**HOW TO COMPLETE THIS TASK**:
Please repeat, exactly and without pictures, the lines of the entries below that run from the one containing "Northland Ice Cream" through the one containing "Nautical Classic Ship".

Start of THE INPUT

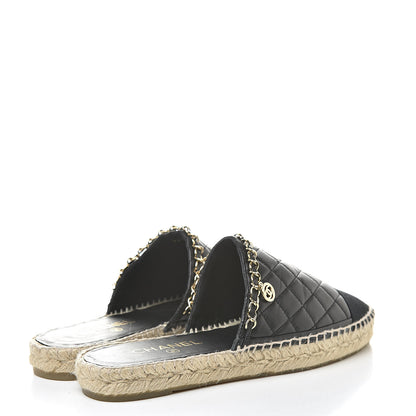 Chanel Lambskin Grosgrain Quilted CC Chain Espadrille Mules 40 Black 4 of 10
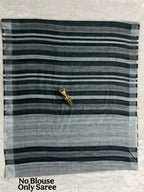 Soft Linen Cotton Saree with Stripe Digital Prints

End of THE INPUT
Start of THE INPUT

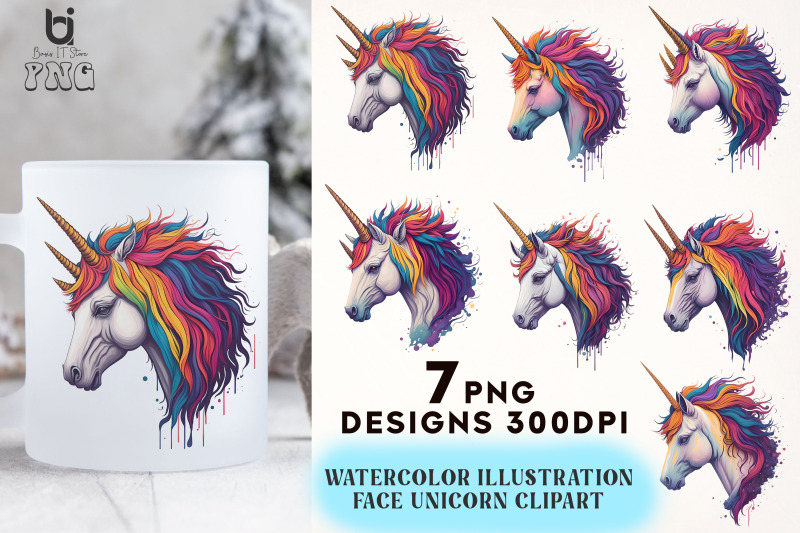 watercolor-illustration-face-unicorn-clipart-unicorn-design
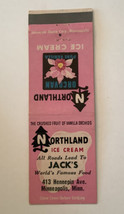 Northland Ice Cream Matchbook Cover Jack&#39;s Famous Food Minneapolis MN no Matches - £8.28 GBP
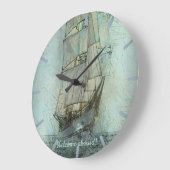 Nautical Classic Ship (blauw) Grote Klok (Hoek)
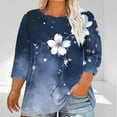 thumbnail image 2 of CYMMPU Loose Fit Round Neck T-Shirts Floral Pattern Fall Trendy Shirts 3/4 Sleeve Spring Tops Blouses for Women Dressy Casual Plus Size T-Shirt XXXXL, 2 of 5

End of THE INPUT

**REPLY TO THE EXERCISE**:
 Northland Ice Cream Matchbook Cover Jack&#39;s Famous Food Minneapolis MN no Matches - £8.28 GBP
 Nautical Classic Ship (blauw) Grote Klok (Hoek)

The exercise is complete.